To evaluate whether the increased risk of breast cancer is dependent on the formulation of menopausal hormone therapy (HT) used.
We performed a population-based case–control study of women aged 50 years or older using data from the U.K. Clinical Practice Research Datalink. Women with incident cases of breast cancer were age-matched (1:10) with a control group of women with comparable follow-up time with no history of breast cancer. Exposures were classified as ever or never for the following menopausal HT formulations: bioidentical estrogens, animal-derived estrogens, micronized progesterone, and synthetic progestin.
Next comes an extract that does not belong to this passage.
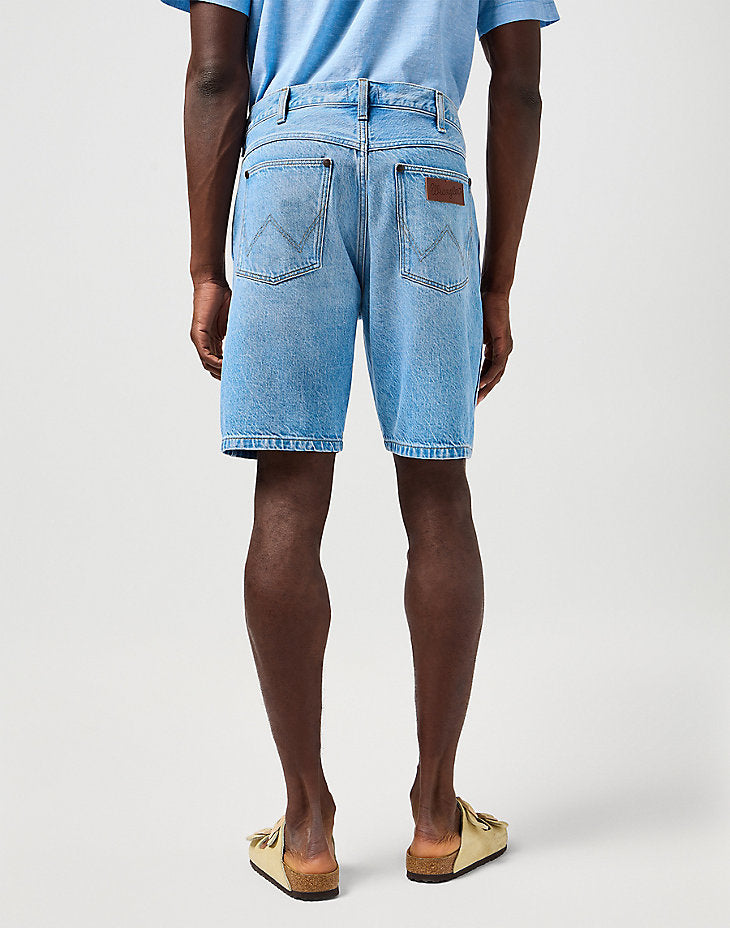Męskie Spodenki Jeansowe Szorty Wrangler Frontier Short Frost 112362492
Logistic regression analyses were performed to estimate the adjusted effect of menopausal HT formulation on breast cancer risk.
Between 1995 and 2014, 43,183 cases of breast cancer were identified and matched to 431,830 women in a control group. In adjusted analyses, compared with women who never used menopausal HT, its use was associated with an increased risk of breast cancer (odds ratio [OR] 1.12, 95% CI 1.09–1.15). Compared with never users, estrogens were not associated with breast cancer (bioidentical estrogens: OR 1.04, 95% CI 1.00–1.09; animal-derived estrogens: OR 1.01, 95% CI 0.96–1.06; both: OR 0.96, 95% CI 0.89–1.03). Progestogens appeared to be differentially associated with breast cancer (micronized progesterone: OR 0.99, 95% CI 0.55–1.79; synthetic progestin: OR 1.28, 95% CI 1.22–1.35; both OR 1.31, 0.30–5.73).
Although menopausal HT use appears to be associated with an overall increased risk of breast cancer, this risk appears predominantly mediated through formulations containing synthetic progestins. When prescribing menopausal HT, micronized progesterone may be the safer progestogen to be used.